Ça fait maintenant quelques mois que sa mère est décédée. Elle a dû mal à s'en remettre. Normal, c'était sa seule famille. Elle était très attachée à elle, le lien qui les unissait était d'une force à toute épreuve. Elle ne laisse rien paraître, mais je la connais assez pour m'en rendre compte. Leila a lâché son taff de juriste. Ça ne lui ressemble pas d'agir ainsi, de prendre une décision importante sur un coup de tête. Je m'inquiète pour elle. Je ne sais pas quoi faire de plus, à part continuer à être présente et lui apporter du soutien et de l'écoute.

La semaine dernière, je lui ai proposé qu'on se prenne une journée off, comme on le faisait lorsqu'on était étudiantes.

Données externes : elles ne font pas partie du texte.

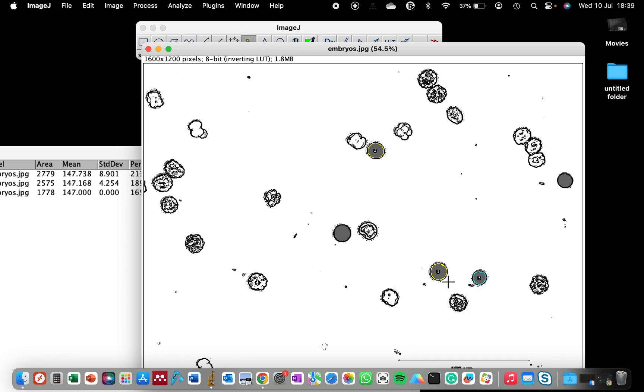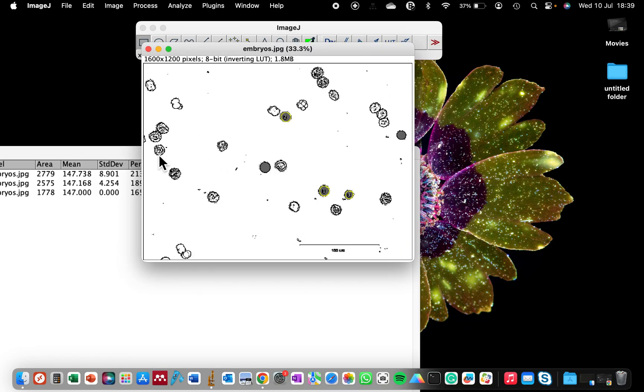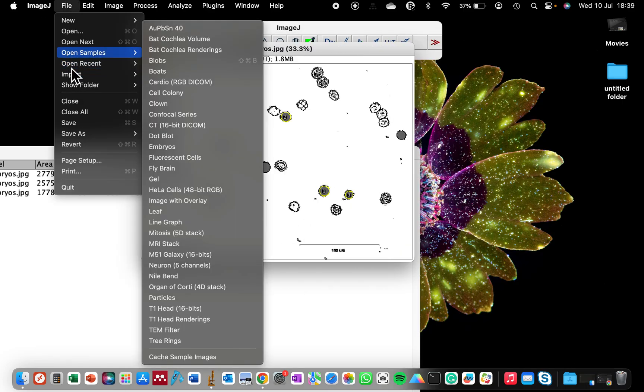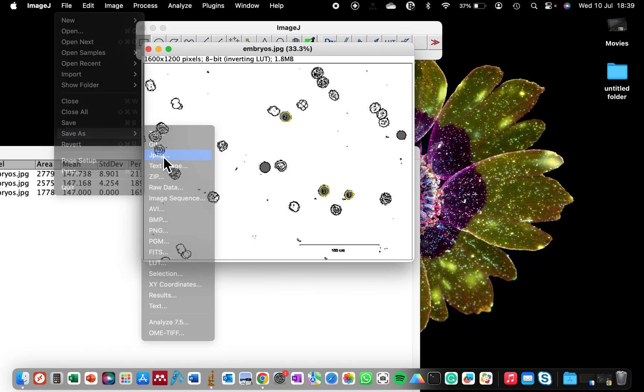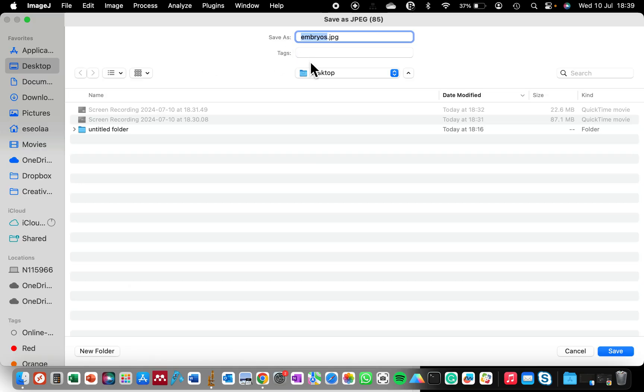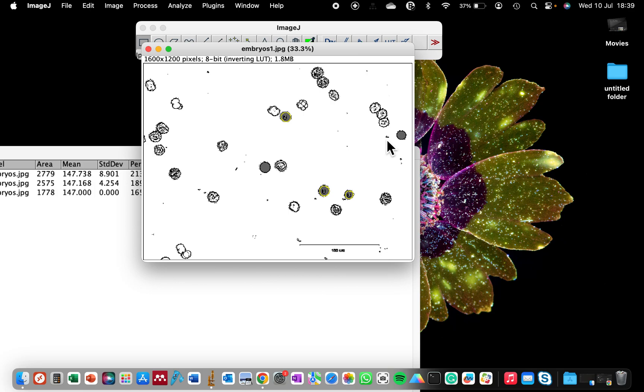So that is it on how to fill a particular area of your cell for analysis. And now we can save this image. File, Save As. You can save it as JPEG since the original image is in JPEG, and we save it as embryos number one.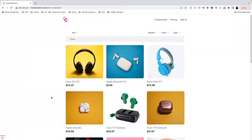Hey there, welcome to another episode of Livewire Magic. In this series we discuss various use cases of Laravel Livewire and amazing cool things that we can build using this. In this particular episode we will go through a product filter that is built using Laravel Livewire, Tailwind CSS, and AlpineJS.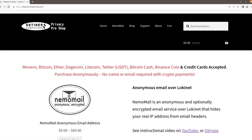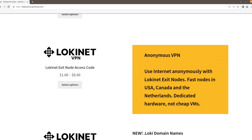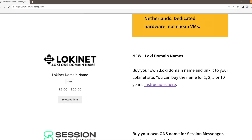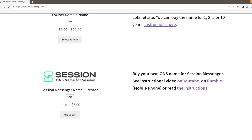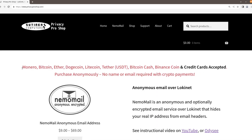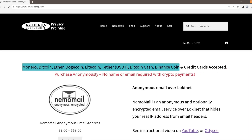This video is brought to you by PrivacyProShop.com where you can find NemoMail, the anonymous email over Lokinet. When you must stay anonymous, NemoMail is the way to send anonymous emails. You can also find Anonymous VPN by Lokinet and use the internet anonymously with Lokinet exit nodes. We have fast nodes in the US, Canada, and the Netherlands, as well as Lokinet domain names and Session usernames. You can pay with the most common cryptocurrencies anonymously, and we also accept credit cards.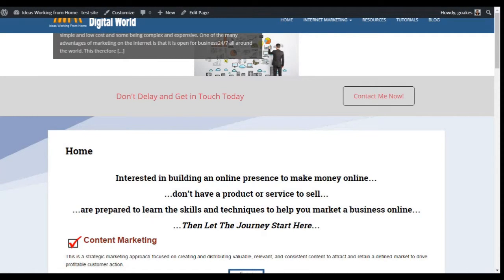Hello, this is Gary Oakes and here's an overview for the Sparkling theme for WordPress. This is the free version, so let's have a look at some of its functionality.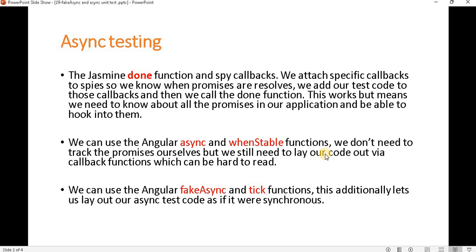The Jasmine done function works with spy callbacks. We attach specific callbacks to spies so we know when promises are resolved. We add our test code to those callbacks and then we call the done function — when all the JavaScript events complete. Basically we have to write a lot of code, which is a little difficult and takes time. If you want to know more about asynchronous testing with the done method, you can watch the previous video of this tutorial series.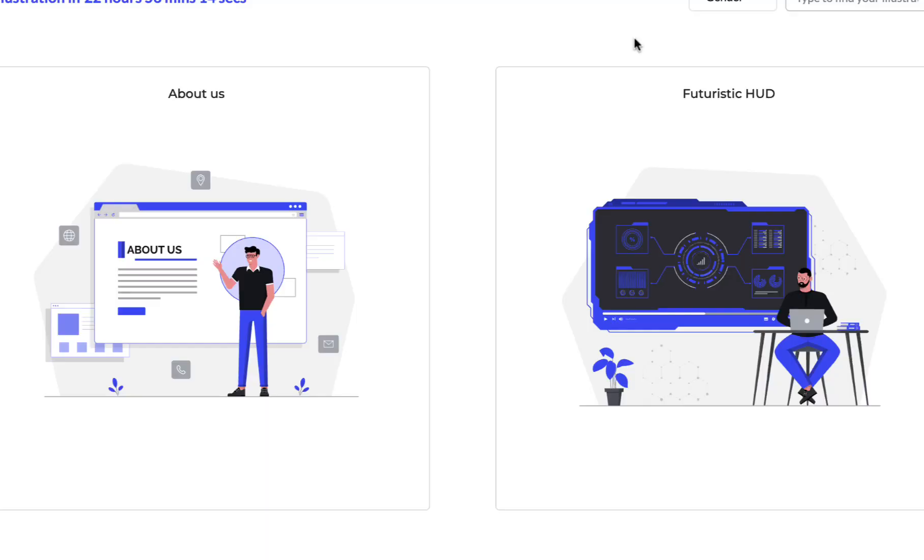Hello and welcome back. This is Ashol Rafi once again. In this video I'm going to share where I find illustrations and vector images for my web design projects.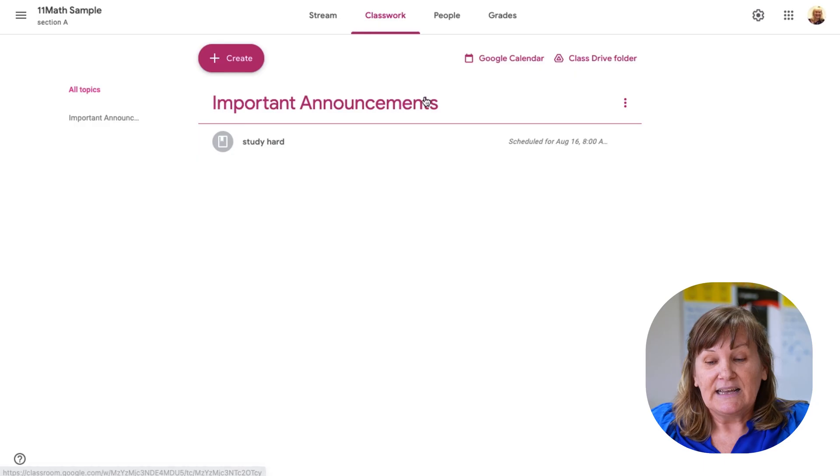Sometimes you decide you just want to delete a scheduled post — you don't actually need it to go out anymore because the students already know they're supposed to study hard.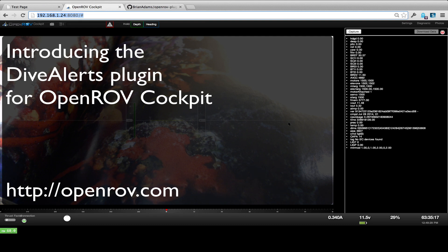Hi everyone, it's Brian with OpenROV. Today I'd like to give a preview of a new plugin we have, which is called DiveAlert.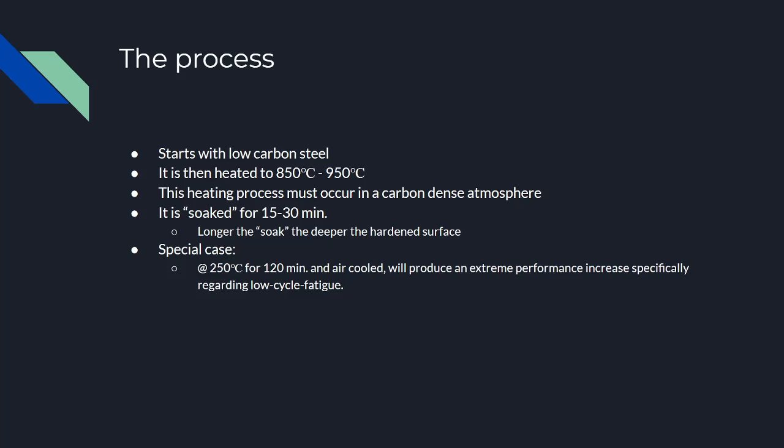There is, however, a special case that occurs at 250 degrees Celsius for about two hours, and you air-cool it instead of quenching it. This will produce significant increases in resistance to low cycle fatigue or repeated stress application.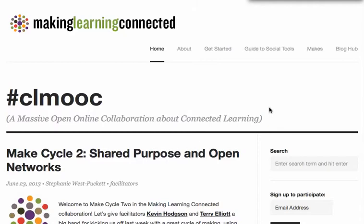The way it works is, first of all, you're going to need to be in a more recent version of Firefox. And once you're in there, you go to a website that you want to check out. In this case, I'm at our Making Learning Connected site.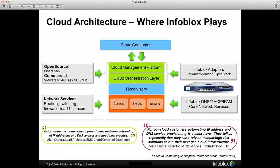This demo is going to cover integration between Infoblox, OpenStack, and Cisco's APIC, Application Policy Infrastructure Controller, as part of Cisco's ACI, or Application Centric Infrastructure Solution.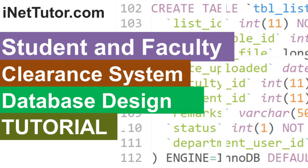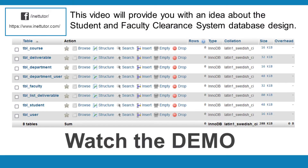A step-by-step tutorial is also included in this video. Please don't forget to subscribe and click the notification bell to receive free updates. This video will provide you with an idea about the student and faculty clearance system database design.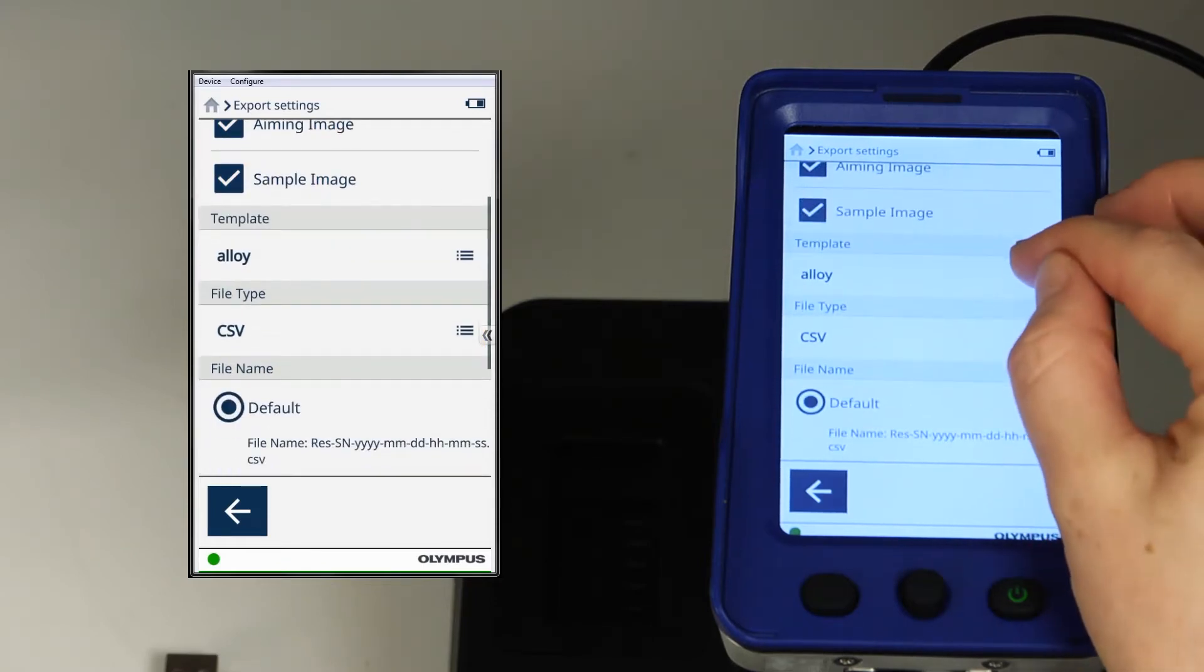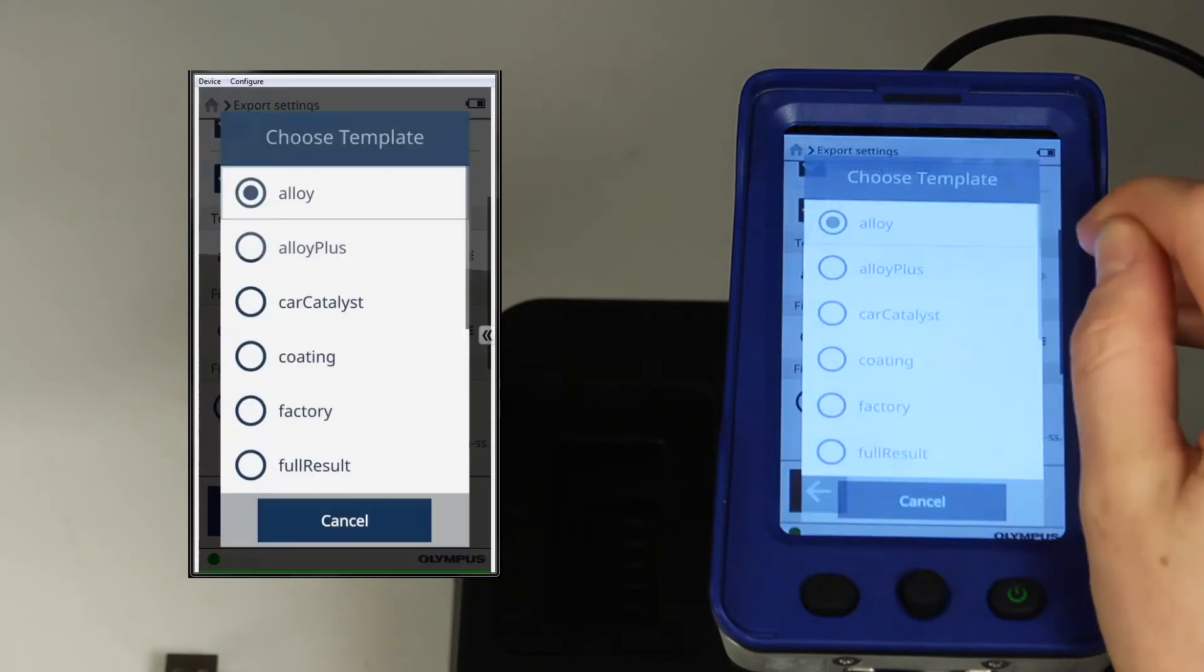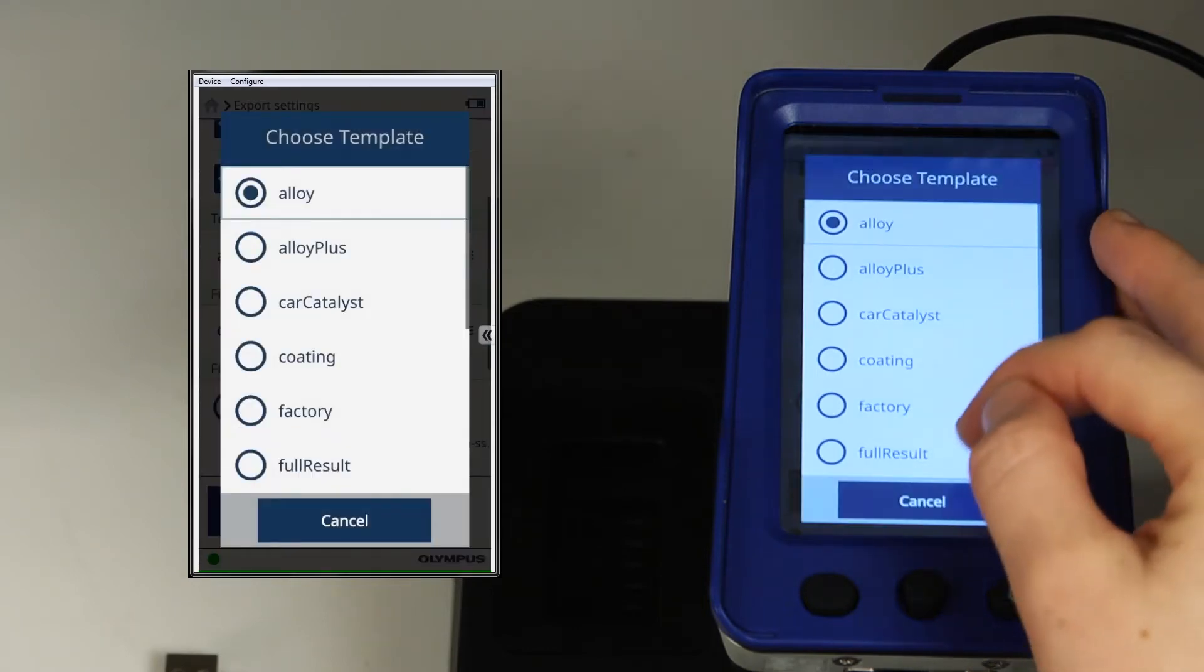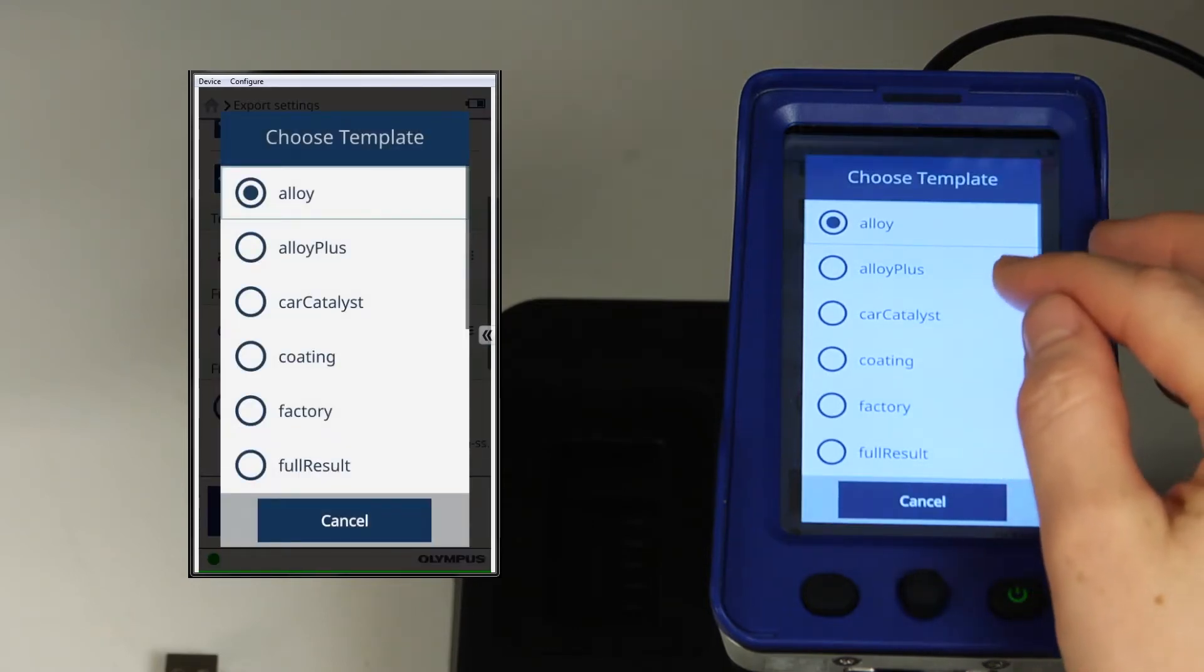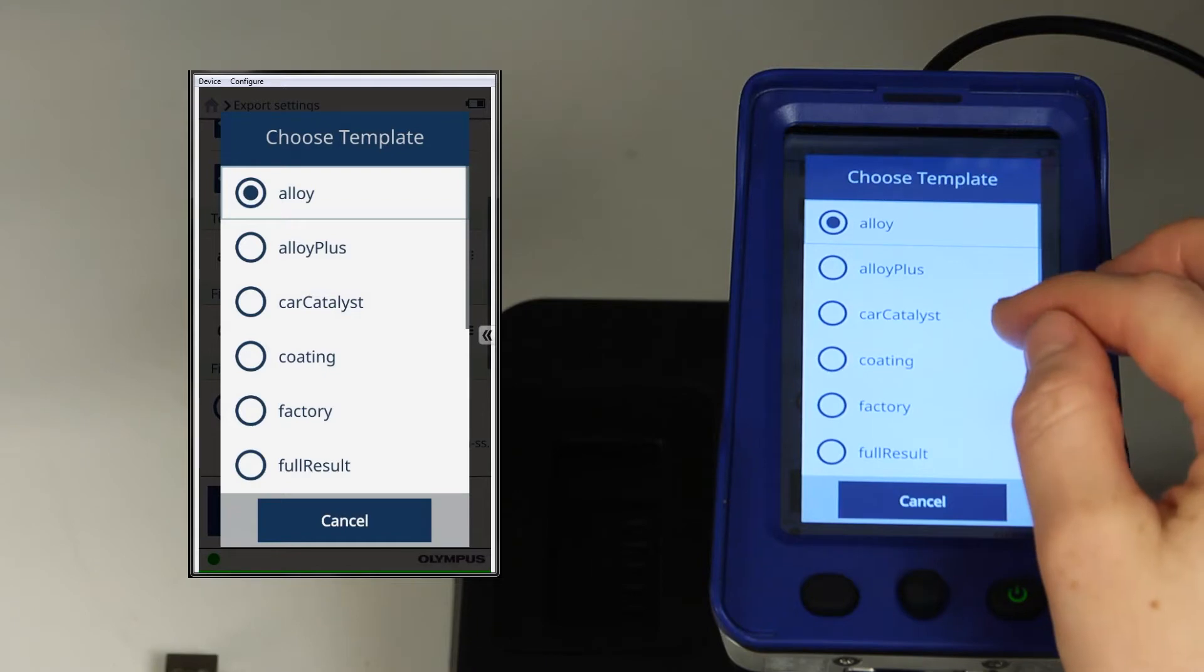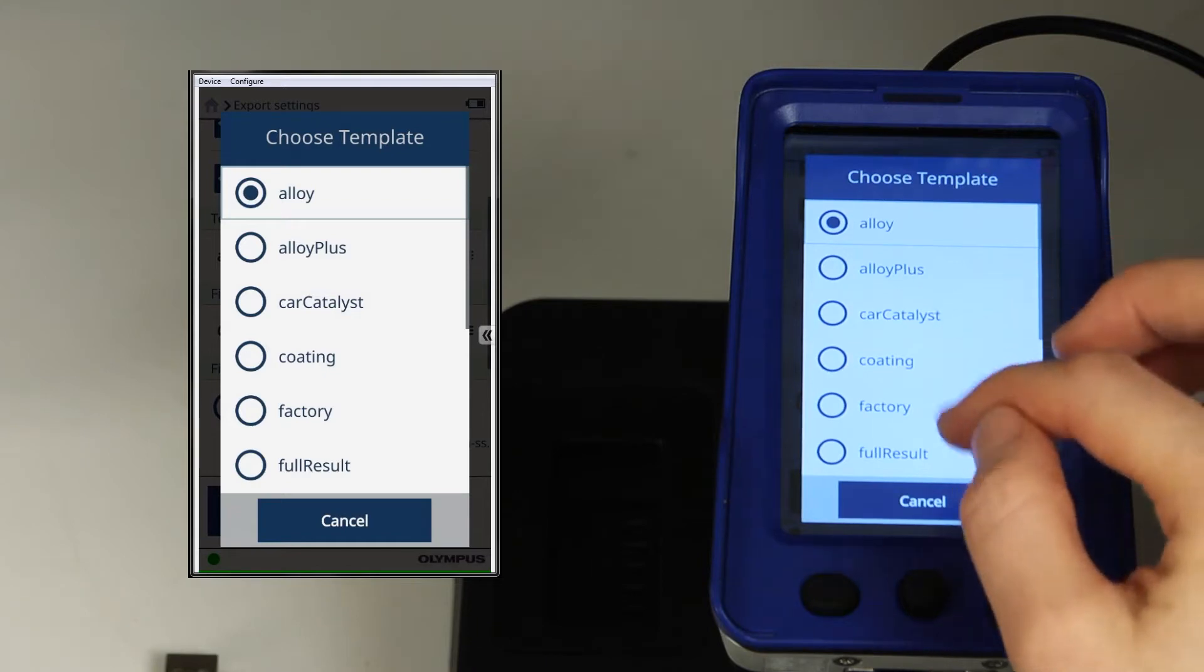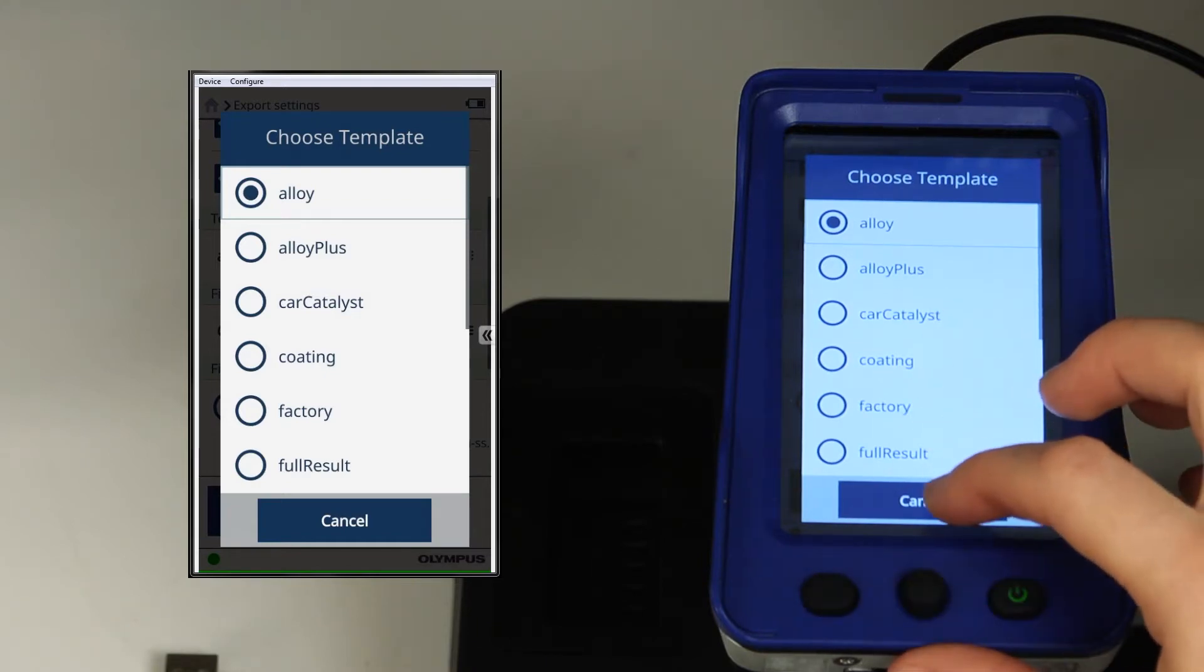For the template, you have different options corresponding to the analysis mode. Since I'm doing tests in alloy mode, I'll leave the alloy template enabled.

On s'est retrouvées au métro Accordéon. La foule était dense. Pas mal de gens étaient de sortie, flânant devant les devantures des magasins, faisant du lèche-vitrine. Un gamin m'a fait un grand sourire, sans raison particulière. Il tenait un ballon en forme de licorne. Distrait par le passage devant le marchand de glaces, Gelato Amor, il l'a lâché. Adieu la licorne, elle s'est envolée vers d'autres cieux. Le gosse a pleuré toutes les larmes de son petit corps. Son père était dépassé, il ne savait pas comment gérer la situation. Pauvre chou, il m'a fait de la peine. Je me suis accroupie à sa hauteur et lui ai raconté une histoire pour le consoler. Je lui ai expliqué que son ballon était parti rejoindre le paradis des licornes, et que là bas, il se ferait un tas d'amis et mènerait une existence heureuse. Alors, il ne fallait pas s'inquiéter, et plutôt se réjouir pour lui, d'accord ? Le petit hocha la tête. Il ne pleurait plus. On a repris notre chemin.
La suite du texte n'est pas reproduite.